### Problem requirements
For each entry below, write an exact copy and leave out the images.

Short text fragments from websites

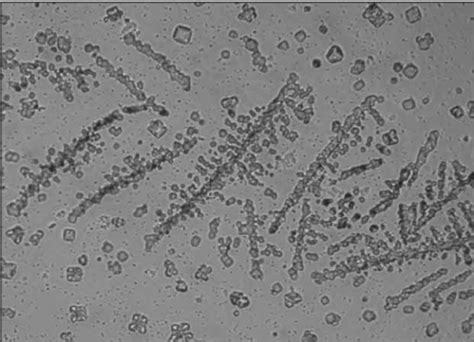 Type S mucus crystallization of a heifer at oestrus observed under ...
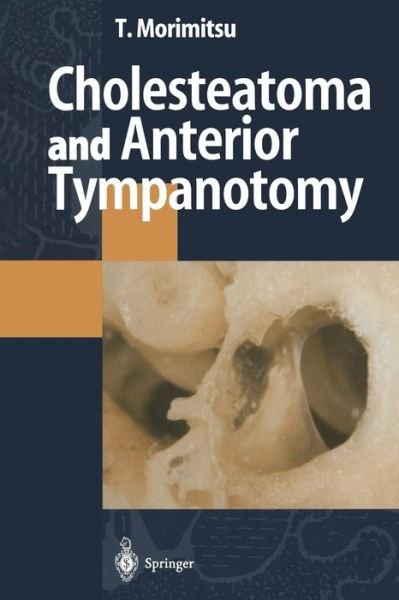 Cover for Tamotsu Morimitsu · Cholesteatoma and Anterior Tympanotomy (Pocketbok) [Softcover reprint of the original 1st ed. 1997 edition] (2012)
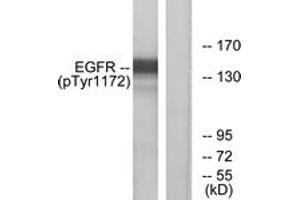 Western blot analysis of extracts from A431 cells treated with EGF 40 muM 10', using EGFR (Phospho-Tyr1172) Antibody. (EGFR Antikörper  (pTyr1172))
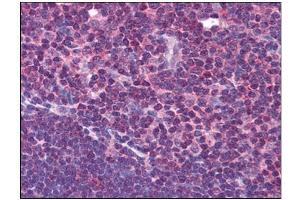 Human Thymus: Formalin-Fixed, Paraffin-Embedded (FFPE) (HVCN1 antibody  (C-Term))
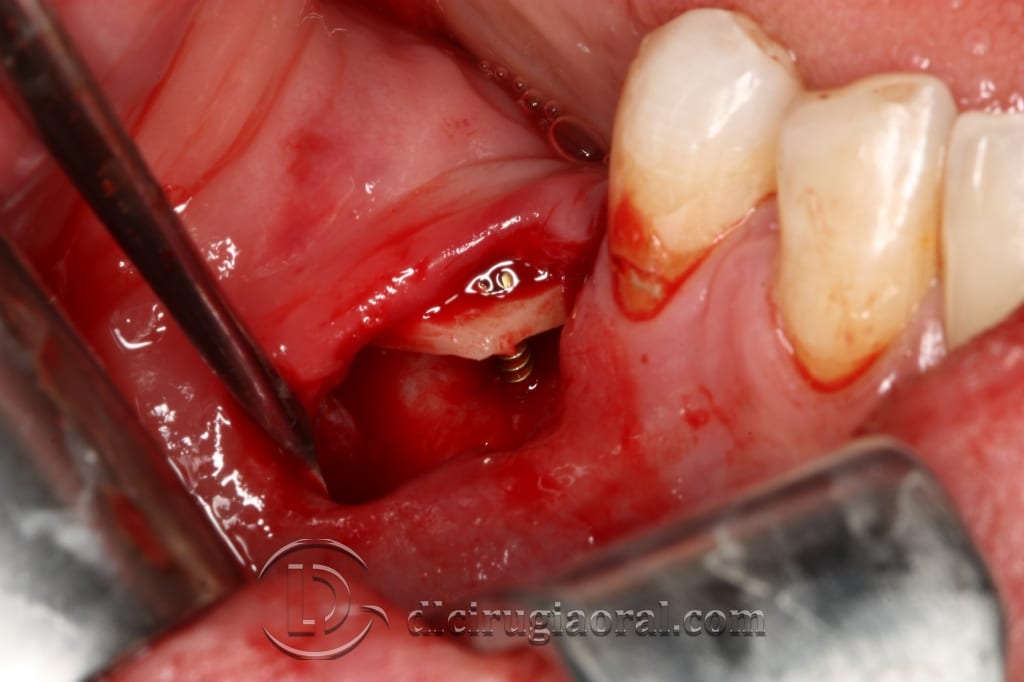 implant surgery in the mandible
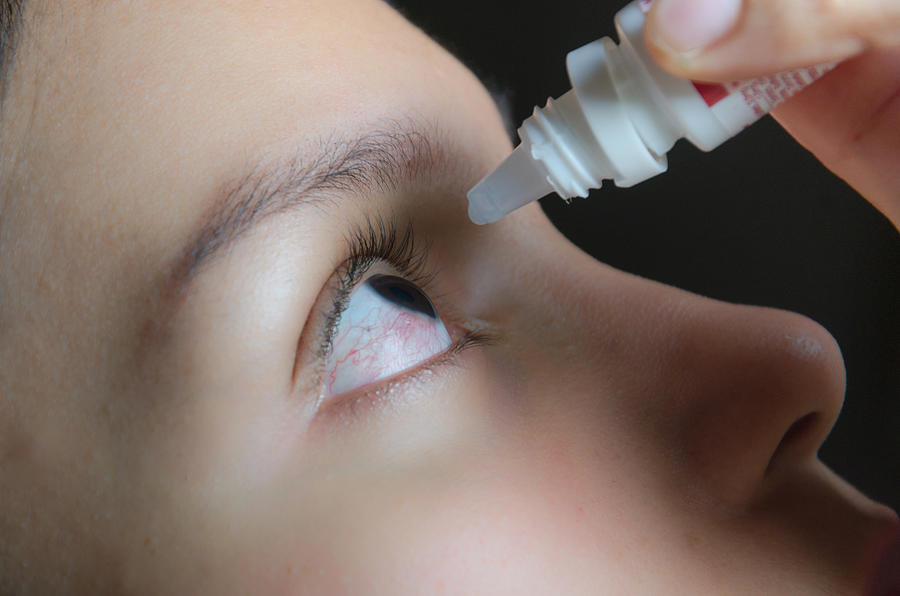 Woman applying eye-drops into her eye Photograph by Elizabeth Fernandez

### Your response
 Type S mucus crystallization of a heifer at oestrus observed under ...
 Cover for Tamotsu Morimitsu · Cholesteatoma and Anterior Tympanotomy (Pocketbok) [Softcover reprint of the original 1st ed. 1997 edition] (2012)
 Western blot analysis of extracts from A431 cells treated with EGF 40 muM 10', using EGFR (Phospho-Tyr1172) Antibody. (EGFR Antikörper  (pTyr1172))
 Human Thymus: Formalin-Fixed, Paraffin-Embedded (FFPE) (HVCN1 antibody  (C-Term))
 implant surgery in the mandible
 Woman applying eye-drops into her eye Photograph by Elizabeth Fernandez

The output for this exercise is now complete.